Echevarria is currently a professor of strategy at the US Army War College. He’s held the General Douglas MacArthur Chair of Research and the Elihu Root Chair of Military Studies and is the author of six books on military strategy.
So, Dr. Hoffman, a lot has happened since we published your article. I’m really looking forward to this conversation today. My first question, in fact, did you get what you were hoping for from the new National Defense Strategy [NDS]?
Dr. Frank G. Hoffman
Yes, [I am] satisfied. I have a certain sympathy for folks who write strategy documents, and so, I know how difficult it is, and I know that these documents have to talk to many audiences. And, you know, you could chop up the 10, 12 pages of actual texts of the summary that’s out there and see that it’s talking to the White House, that it’s talking to allies, it’s talking to adversaries, it’s talking to commercial vendors. I mean, it has a lot of audiences, and I’ve seen a lot of criticisms, and I’m sympathetic because I’ve been in the shoes of [those] trying to edit or craft a couple of these in my prior life.

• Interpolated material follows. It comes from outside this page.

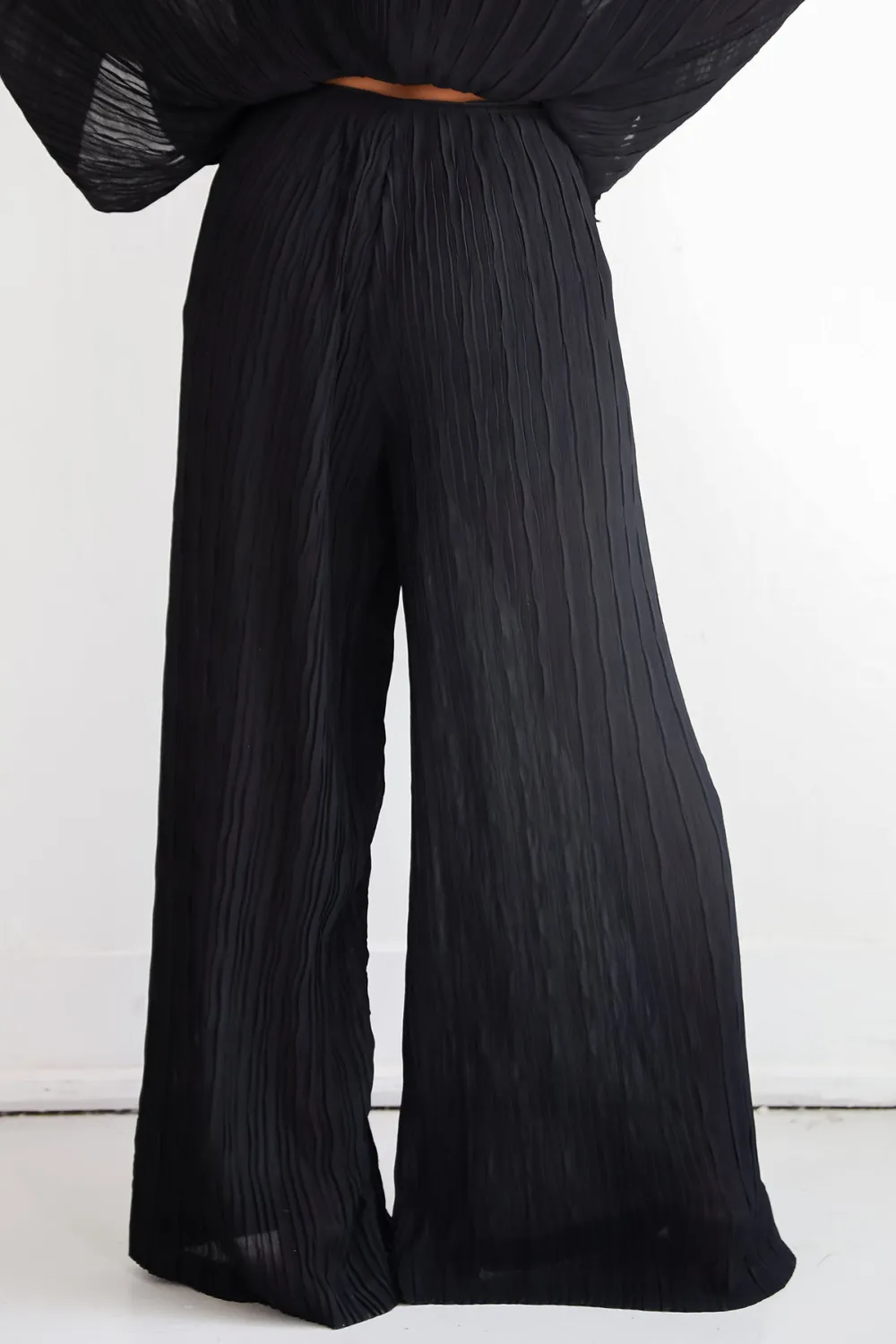 Black Pleated Wide Leg Pants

But, I was pleased with the framework. It has some clarity to it. I think like Dr. E. [Echevarria], I took out all the op [operations] art terminology from the 2018 Strategy, things like lines of effort and things that aren’t as strategic, and I tried to, you know, visualize a theory of success for our strategy. And, I don’t get that necessarily out of these four elements, but the way they are clearly stated and prioritized, I agree with that, and it’s largely in sync with my article—with some improvements.
Host
I feel very fortunate to have two such esteemed strategists in the studio with me today, and I'm curious how each of you see theory informing the recently published NDS.
And also, where do theory and force planning realities collide most sharply?
Hoffman
On the theoretical part, dealing with strategy per se, you know, one of the things I’ve written about, I think Dr. E’s written about [it], too, is the importance of a theory of success, which I think deals with the ways of a strategy.
Of course, it’s also important to have coherence between the ends, ways, and the means. One of the reasons I was writing my article over a year ago was the insolvency problem, which really deals with the means gap.
So, I don’t see an overarching integrated theory of success for the four elements, but I do see—particularly for the China component of the strategy—a clear theory of success expressed. The foundation for that was in the 2018 Strategy. It’s [from] some of Mr. [Elbridge A.] Colby’s writings in his book in the past. So, I see that imprinted in there, and that’s the part of theory that I see practically employed in the Strategy.
But I do think that the NDS Summary, as I understand it—I understand it’s just a shell and the budget hasn’t been submitted, but I don’t see the Strategy as written for closing the insolvency gap very much. It’s not a compelling or persuasive story for Congress to fund the gaps that I’ve seen in the past, which are mentioned in the Strategy. The president has talked about a very large increase in the means, but I haven’t seen that submitted to the Hill. And this Strategy won’t lift up the attention of Congress on what to do with that money. It’s sort of written as a strategy that makes trade-offs that are pretty clear about Europe for Asia and the Middle East and things. It’s a strategy that’s largely trying to make [the most of] the harsh, constrained resources, which is applaudable, but it’s not a compelling story for a change if that’s what the president really wants.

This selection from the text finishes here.